Preparing for the Unexpected: A Proactive Approach to Operational Resilience
Try these steps to create an operational resilience action plan that will satisfy financial regulators and help sustain business without disruption.
Preparing for the unexpected may be a contradiction in terms, but for financial firms it is essential for survival. The sector has long been a target for threat actors, given that this is where the world's money is. And as the financial ecosystem becomes increasingly interconnected, threats to its security and resilience are rapidly evolving and increasing.
Operational resilience is not just about responding with agility to risks but also maintaining continuity of operations with minimal or — even better — no disruptions. So, whereas cybersecurity is about preventing and defending against cyberattacks, resilience focuses on sustaining operations despite attacks.
Recognizing the necessity of operational resilience, regulators are emphasizing the need to be prepared for unforeseen incidents. A prominent example is the EU's Digital Operational Resilience Act (DORA), which provides a framework for the finance industry to detect, prevent, contain, and recover from attacks associated with information and communication technology (ICT).
Operational Resilience: Beyond Business Continuity
Keeping a business running is not a new concept. Business continuity management and disaster response are well-developed functions within financial firms. But while business continuity focuses on ensuring smooth handling of disruptions when they occur, operational resilience goes beyond that. It is a proactive approach to ensuring reliability of digital systems no matter what happens. This sense of reliability is critical to maintaining public trust in the global financial system.
Operational resilience is by no means easy to achieve. However, there are definite steps that firms can take to begin their journey. The first step is to get a holistic view of the risk landscape; a comprehensive assessment of operations, interconnections, and continuity requirements. Once this is done, the fundamental principles of operational resilience can form the building blocks of a future-ready strategy, depending on the size, complexity, and role of your organization in the overall financial ecosystem.
Here's what an action plan might look like:
Identify Internal and External Risks
Identify operations that are critical to business management and continuity. Look for key dependencies in internal and external systems and the operations they rely on.
Understand the threat landscape as it evolves to create an effective response plan that makes relevant information easily available to concerned personnel working to protect against and mitigate disruption.
Create seamless communication channels between internal and external groups, including information-sharing bodies, cybersecurity teams, and government partners. No firm can understand the constantly evolving threat landscape alone; collaboration is the only way to enlarge your view beyond what your own team and tools provide and minimize blind spots.
Maintain an in-house inventory of assets (both physical and digital), event classes, and threats to stay prepared for the unexpected.
Put a Response Strategy in Place
Identify your organization's risk appetite by determining the acceptable levels of disruptions for each critical operation. With this, you also get a comprehensive view of the system's ability to resist, absorb, adapt to, and recover from an incident. It also helps you prioritize risks and create efficient controls and contingency plans for potential threats.
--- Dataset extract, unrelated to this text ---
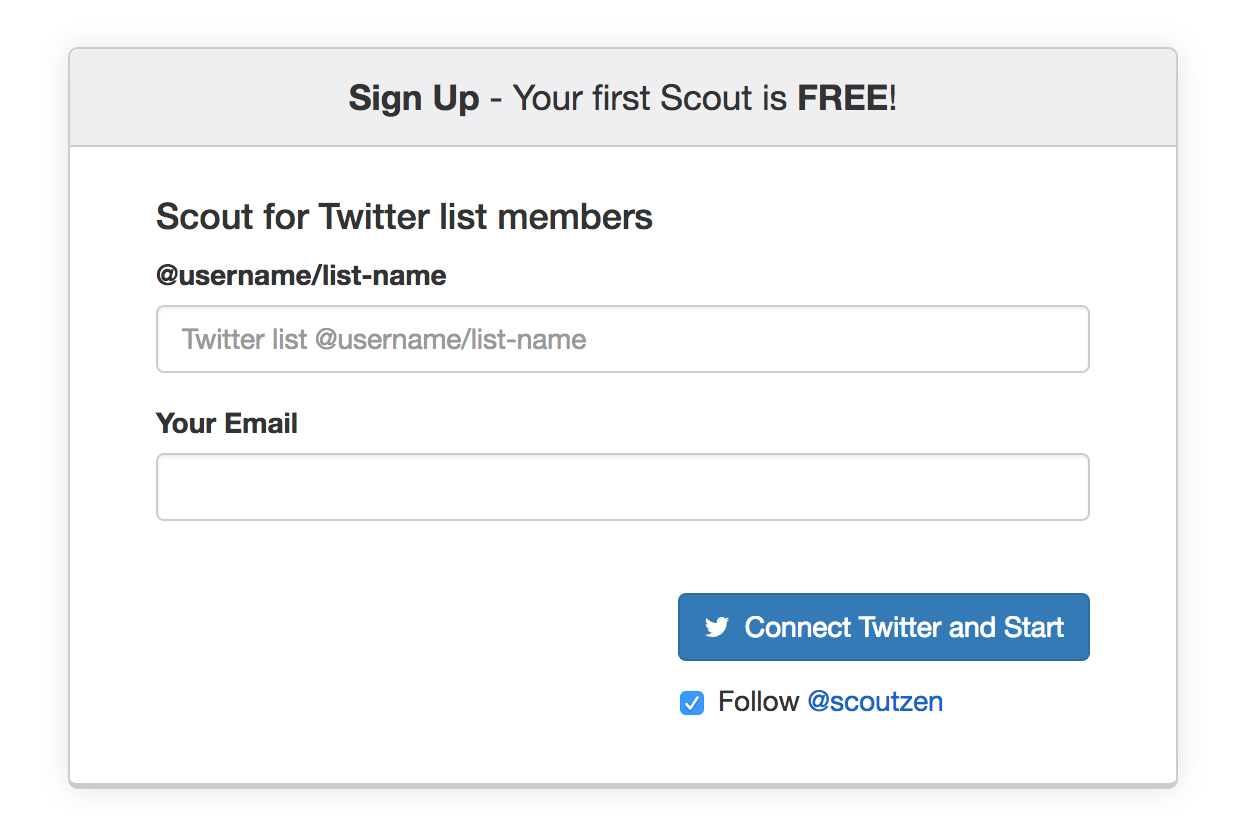 Scout for Twitter list members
Build response plans to sustain continued synchronization across operations during times of crisis. Use learnings from previous attacks and exercises to understand the required adjustments and set procedural standards. Identify relevant people and teams within your company and determine their roles and responsibilities during risk events.
Be Ready to Take Action
Conduct regular mock drills to test the various components of your incident response plan, both internally and externally. Include your third-party vendors in your strategy and practice exercises to put an immediately executable action plan in place.
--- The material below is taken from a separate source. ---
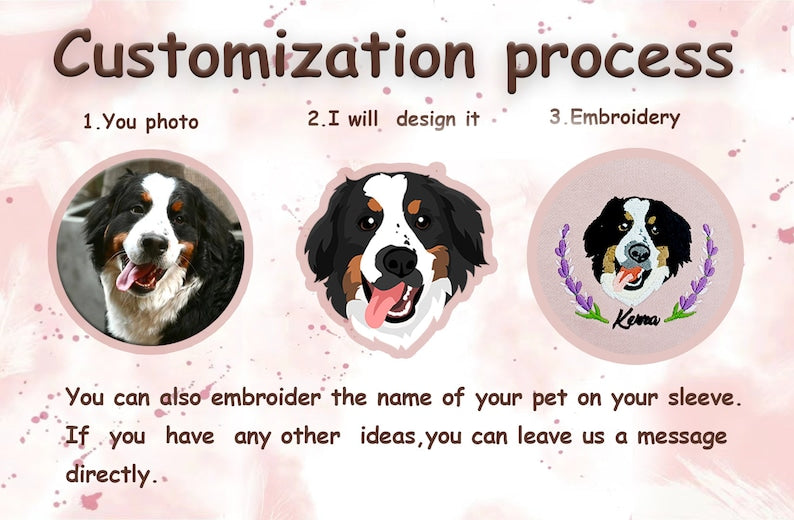 The Custom Embroidered Pet Portrait Sweatshirt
Ensure effective governance, both internally and externally, to develop and implement a proactive, enterprise-wide strategy that is compliant while being feasible, effective, and safe to execute.
Becoming Future-Ready in a Globalized World
The financial sector is better able to navigate an increasingly complex world with a proactive approach to operational resilience. Operational resilience helps reduce the cost of disruptions, improve resource allocation efficiency, and ensure agility in responding to emerging market opportunities. It is critical to maintaining, and indeed, enhancing customer trust and loyalty in a world where cyber incidents are daily front-page news. And of course, regulators are demanding it.
No firm can achieve operational resilience purely on its own. Intelligence sharing within the global financial community helps firms understand current and emerging threats and learn how others are mitigating them. It keeps larger institutions at the forefront of cybersecurity while arming smaller firms with knowledge and tools to protect themselves. It is so critical to operational resilience that DORA dedicates an entire article to it.
Beyond regulation, the public sector is also increasingly collaborating with the private sector to protect critical infrastructure, which includes the financial sector. Around the world, organizations including the US Treasury Department's Hamilton Series and NATO's Locked Shields regularly conduct large-scale exercises to test that communication and coordination channels will function efficiently during major incidents. The goal is not only to minimize operational disruption but to proactively maintain public calm and trust.
Operational risks are no longer geographically bound. Cross-border intelligence sharing and exercises help financial institutions build a comprehensive approach to operational resilience. When you are prepared for the unexpected, it not only enables you to act from a position of confidence and strength but also fosters trust and confidence from stakeholders necessary to long-term business success.